Jusqu'à l'âge de vingt-six ans, une native de Bratislava, aurait pu penser qu'elle avait réalisé son rêve d'enfant en devenant l‘actrice. Elle a déjà eu plusieurs rôles dans le théâtre et le cinéma, y ​​compris plusieurs rôles principaux. Mais en 1957, tout a commencé à être différent. Après tout, comme déjà plusieurs fois auparavant.

Pour commencer, les soeurs filandières lui ont donné un talent sans limites. Carmen Farkašová est née le 20 octobre 1931 comme enfant unique dans une famille très importante de Bratislava. Le père Ján Farkaš devint peu à peu le directeur de la Tatra banka et le secrétaire général du Syndicat slovaque des fonctionnaires du secteur privé. Maman Margita, née Čelková, se vante des ancêtres aristocratique de plus de quatre cent ans et d'un blason avec un hibou percé d'une flèche. Ceux qui croient au bonheur des mélanges ethniques devaient applaudir la petite Carmen: le grand-père Farkaš était Hongrois, le grand-père Čelko était Slovaque, la grand-mère à Český Krumlov Farkašová, née Kladrubská (d’ailleurs du même arbre généalogique qu’une patineuse célèbre) était Tchèque et la grand-mère de Vodnany Čelková, née Rothbauerová, était d’origine allemande.

 

Carmen était en école  maternelle allemande, elle prenait des cours du français, et trois fois par semaine elle allait chez le maître  Relsky sur la formation de ballet au Théâtre National. Avec des enfants, elle a joué en allemand dans un conte de fée Hans und Gretchen (le rôle du Hans), dans le ballet de Nedbal - Du conte de fées en conte de fées, elle a "dansé"  à  mi-fléchie  un  nain. Juste pour le jeu au piano, sa mère n’arrivait pas à la motiver.

A douze ans, Carmen a du terminer avec  le ballet en raison d'un diagnostic d’insuffisance valvulaire, mais cela n'a pas eu d’impact sur  la vie des Farkaš. Carmen a dansé et a joué du théâtre à la maison et la grand-mère Čelková continuait à jouer son solitaire et à écouter ses morceaux préférés de l'opéra. En effet, selon la plus célèbre, elle a suggéré le nom de sa petite-fille.

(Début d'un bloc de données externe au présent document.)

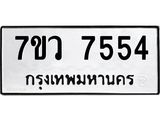 รับจัดหา ทะเบียน  7554 หมวดใหม่ 7ขว 7554 ทะเบียนมงคล ผลรวมดี 32 - N6905 – 7ขว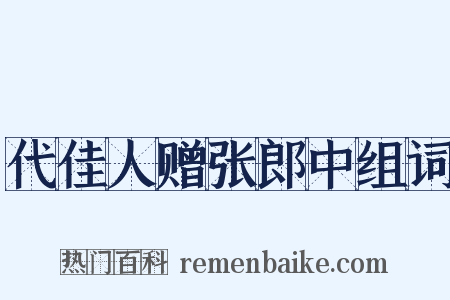 代佳人赠张郎中组词是什么意思的图片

Carmen Farkašová – ça sonnait bien. Mais pas après la guerre, en 1945. Les Farkaš  ont vécu sur le même étage que Monsieur Alexandre Mach, Ministre de l'intérieur de l'Etat Slovaque, qui a été ami avec Jan Farkaš depuis une vingtaine d’années; et avec qui il a fondé l’ensemble de la garde de Hlinka. En Slovaquie, à la différence des pays tchèques, les communistes ont perdu les premières élections d‘après-guerre, mais déjà en 1947 les  intrigeurs de Husák ont arraché le pouvoir à la gagnante Partie Démocratique et ses adversaires idéologiques ont été emprisonnés. Mach a échappé à la corde seulement à cause de sa maladie, Farkaš a été finalement emprisoné aussi.

 

Les Farkaš n‘ont pas pu sauver leur mariage et Carmen a déménagé avec sa mère à la ville de Piešťany et Hurbanovo. Elle a obtenu son bac à Komárno, mais à cause de son origine familiale, elle n‘a pas pu accéder aux études supérieures. Encore au lycée, elle a joué le rôle de Jessie dans le jeu d'école de l‘auteur Simonov - Les questions russes,  et puis, tout droit  dans l’usine de construction mécanique de Komárno. Pendant un moment, elle y travaillait comme aide administrative, puis avait en charge l‘éducation des apprentis de l’économie et de la politique.

A partir de là, elle a pu, grâce à l’aide d’un membre du parti éclairé, faire son admission à une formation théatrale d’une durée de deux ans auprès la Conservatoire nationale de Bratislava. Parmis les professeurs on trouvait Ladislav Chudík ou bien Fero Dibarbora. Encore avant la fin de ses études en 1953, elle a pris un engagement dans le Théâtre de Peter Jilemnický à Žilina, puis elle a attiré l'œil du réalisateur Jiří Krejčík. Après un moment d'hésitation, il lui a confié le rôle-titre d’une villageoise dans le film Frona. L'histoire de la collectivisation en Slovaquie – pas tout à fait noir et blanc a été tourné un long moment et la production lui payait un logement dans l’hôtel praguois nommé  Palace. (Certains théâtres de petites salles, cependant, n’existaient pas encore au moins dans les cinq prochaines années à Prague, mais aux grands théâtres, la native de Žilina n’osait même pas penser.)

 

Le film est sorti en 1954 dans les salles de cinéma avec son nom de scène de Hana Čelková. Cette même année, elle a donné naissance à son fils Matúš, elle a épousé le directeur Dalibor Heger et bien qu'ils aient plus tard divorcé, est restée à jamais Hana Hegerová. Pendant les cinq ans de l'engagement à Žilina, elle a joué dans onze productions. ("Nous avons joué tous les rôles principaux et les extras.") Elle a commencé par une comptesse exigeante en conversation dans la pièce de théâtre  L’aventures aux récoltes, du prêtre et éveilleur Jan Palárik, elle a terminé par Lída Matysová, le personnage principal dans Telles amours de Kohout. Dans son répertoire étaient aussi  Ostrovský, L‘amour tardif (Ludmila), Marchandise en mode (Anuška) de Kryl,  L’été de Sramek (Staza) ou bien L’amour dans la maison du coin (Doña Clara) de Canderon.

 

A ce moment, à deux reprises, elle a été appelée aux tournages de films. Vérification de l’amour  du réalisateur Jozef Medveď lui a amenée  le rôle principal, mais facilement oubliable. Les futurs titulaires de l'Oscar Elmar Clos avec Jan Kadárem dans leur romance Là-bas au terminal, lui avaient confié un rôle secondaire; le rôle principal a été incarné par une étudiante en journalisme, Eva Očenášová.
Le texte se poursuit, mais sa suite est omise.